Node.js Long running Task scenario

MrNode

unread,

Mar 11, 2018, 12:17:46 PM3/11/18

to nodejs

Create a mechanism to support a long running task where we can solve for the mentioned scenario:

A support user starts a baseline upload for an organization. The baseline upload had 100000 rows in the CSV file uploaded, and the support user - right after clicking the “Start” button - realizes that he seemed to have wrongly exchanged data between two adjacent columns. Subsequently, the support user would need to wait until the current request completes, which can be in the magnitude of hours, and since we don't allow 2 concurrent baseline uploads in Labs right now, this implies he would not be able to upload the correct file till this task completes. Once done, the user would need to remove those 1 lac entries, and finally upload the correct file.

How I can write code in Node.js to solve this problem.

Zlatko

unread,

Mar 13, 2018, 11:26:57 AM3/13/18

to nodejs

Hi MrNode,

This is way too generic task description to be node-specific. We don't know how is the file processed. We don't know how is this CSV processing needs to be atomic or not - it seems yes, but not clear. We don't know if you can abort it or not. We don't know if you want to block the upload function completely or you merely block it because you can't abort the previous job. Such a thing needs to be designed with the task specifics in mind.

Here are a few scenarios, depending on your requirements.

Under assumption that the 100,000 rows in the CSV are individual "work items", and the whole CSV of them is a "batch of work", you can, on upload, simply create a queue of 100,000 things to process. Also, hold a hashmap of these work items, so you can address them by the batch. Also have a work dispatch protocol and a node Microservice that takes the rows to processing, one by one, and take them off this batch queue into another queue, "pending batch finish". Once it is all completed, mark those "pending finish" as "completely completed" and clear the batch. Expose a "Cancel batch work" functionality to user, if they click "cancel current batch", you clean up all the pending tasks so that your worker microservice stops processing these. Also, mark the batch as canceled, so you can clean up the work items that were already completed.

If you can't break processing into items (maybe you're aggregating things over those 100,000 rows), perhaps you can run this aggregation in an interruptible loop. Then your "Cancel batch work" would first check if there are running aggregations and interrupt/abort them, then proceed as planned and run the new file.

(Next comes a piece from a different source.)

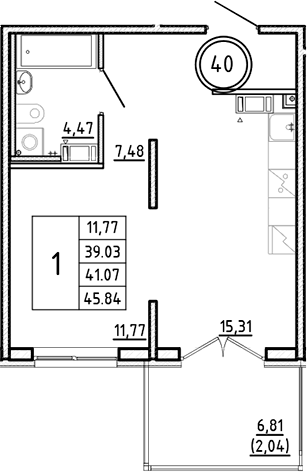 Планировка — Образцовый квартал, 2-комн., 39 м²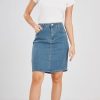 Women's Basic Five-Pocket Rugged Wear Denim Pencil Skirt with Slit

Your least flexible option, e.g. you cannot stop the processing once it has started, is to at least provide upload queue - the first file uploaded is getting processed, and now you expose an endpoint where you can upload additional CSVs. They are just sent to server and are waiting. You can still cancel those "pending" CSVs and upload new ones instead, even if ytou can't break the main, running CSV. Then expose a simple "status" endpoint where you can indicate your status to the user, e.g. "processed 40,000 of 100,000 rows, 3 CSVs pending processing".

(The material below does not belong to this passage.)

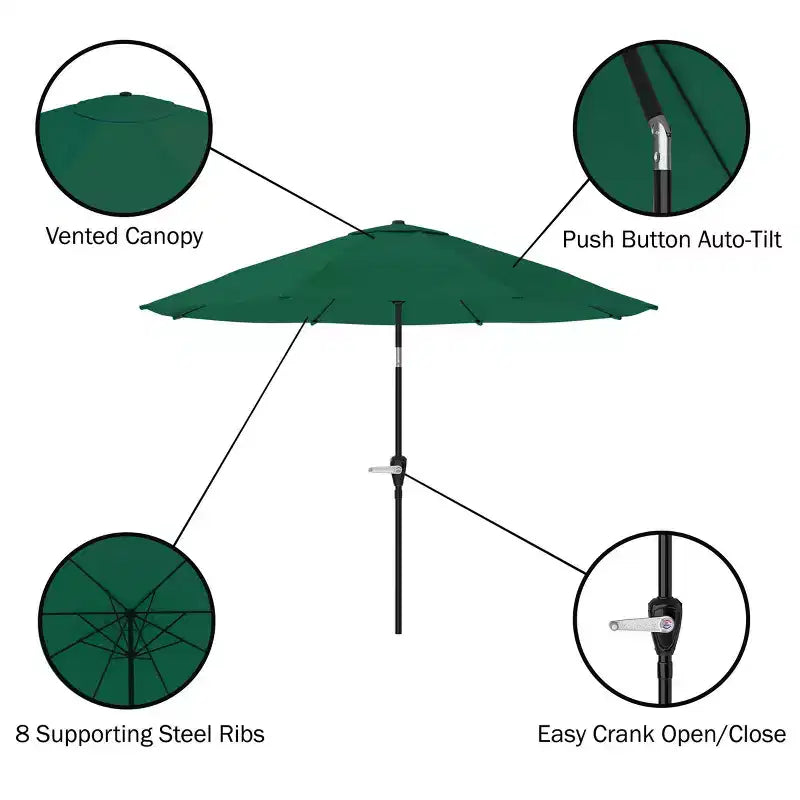 Ensemble de salle à manger d'extérieur 8 pièces Alaterre Furniture, table Okemo avec parasol inclinable automatique de 3 mètres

You would have to keep all those locks and things outside the running process - Redis is probably the simplest to use - because you might be running these tasks (upload, processing, statuses) on different servers, or at the very least, different workers in your Node cluster instance.

But these are very rough guesses. With a lot more details, I could provide a better overview. Shoot if you have other questions.

Murukesh Sadasivan

unread,

Mar 14, 2018, 10:45:01 AM3/14/18

to nodejs

Adding to Zlatko anwser,

You definitely need a queuing system (or probably is using it already). That is because it's a long running job from what I understand (as you mentioned magnitude of hours). The queuing system can be a simple custom solution based on a database or even plain filesystem or full-fledged queueing systems like ActiveMQ etc. You can implement without a queueing system as well, but this makes the program very robust and can survive restarts etc.

Now all you need to do is embed a batchId for each batch request that the user is submitting. So the support user can reload the web page etc and see that his batch is in progress and have option to cancel it if needed. Now he can press the cancel button to request a cancellation of his process and this will mark that batch with batchId as cancelled in a table or a variable. Now in between processing the batch job processor can check if the batchId is cancelled or not. It will process the items from the batch only if the batchId is not cancelled otherwise it will drain the remaining workItems if using a queuing system (or delete from table, if using a database system) and mark the batch as cancelled.